The shift to investment began with AMP, which headhunted Bascand to fill a new role as head of strategy, and the die was cast.

There followed jobs setting up asset management units for AMP and Merrill Lynch in London, providing the ideal background for someone who might one day want to start his own fund management firm.

While Bascand regards himself as an economist and strategist more than a stock picker, he clearly relishes the detail in analysing investments.

“Every day you walk in, no matter how much you thought the day before you knew everything, you know very little. The challenge of the amount of information you have to read and digest in working out the prioritisation of that [investment] systematically, that’s what I really like.

“You have to become a very broad generalist to manage money, and be prepared to listen to other people an enormous amount.”

Fund managers are typically opinionated, forthright and prepared to trust their judgment in the face of contrary opinions. Bascand, while he expresses his views with understated care and precision, is cut from the same cloth, but not too much.

“[Fund managers] can be too opinionated,” he says. “I think the successful ones have a core philosophy, a core belief.”

As usual, Bascand is not making an idle remark. A keen student of what makes fund managers successful, he makes a point of travelling around the world every two years to interview key figures in the trade.

Ask him who he regards as the most inspiring and without hesitation he picks out James Anderson of Edinburgh-based fund manager Baillie Gifford.

Anderson, who returned to his flagship Scottish Mortgage Investment Trust in January after a six-month sabbatical, has seen his star soar alongside the trust’s returns. In the last five years alone, Scottish Mortgage returned 233 per cent as it outperformed its traditional rival Alliance to become the biggest listed investment trust in Britain.
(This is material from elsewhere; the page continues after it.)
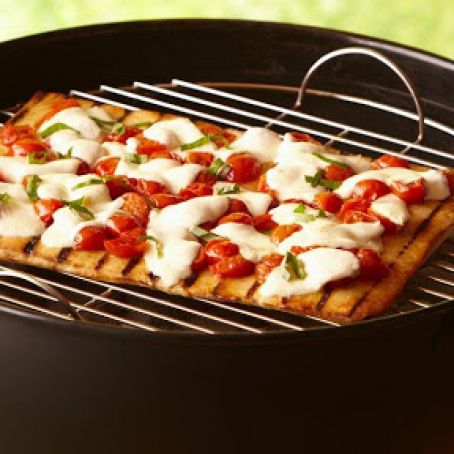 Grilled Garlic Butter Crusted Margherita Pizza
A growth investor, Bascand shares Anderson’s affinity with the philosophy of US fund manager Thomas Rowe Price in the 1950s, as well as his interest in quantitative analysis and maths.

“[Anderson] has implemented it on a global market. He really is someone I admire and look up to. He has built a team around him of industry experts, people who really have deep insights into sectors, not just stocks.”

“Thinking about my team here – I’ve got seven people – I like to think my guys don’t only know their stocks, they know their sectors. So [research analyst] Kevin [Bennett] . . . he knows as much about Intuit as he would Xero, that’s what I would hope.”

Xero is one of those companies local fund managers often have mixed feelings about. Its soaring valuation – last week it was valued at about $5.2b – has looked increasingly at odds with the terrestrial reality of its business outlook. The question is, at what point do they let go of the balloon?

“Some people would say the biggest mistake I made last year was not investing in Xero,” says Bascand. “The astonishing thing is we sold Xero at the beginning of the year and we’d already made a lot of money.

“We’re delighted that we had one of our strongest performance years in 2013 without owning Xero. Were we right or wrong? We were obviously wrong. But my philosophy was that we’d done our work on it and couldn’t quite find the value there despite it being a great company.”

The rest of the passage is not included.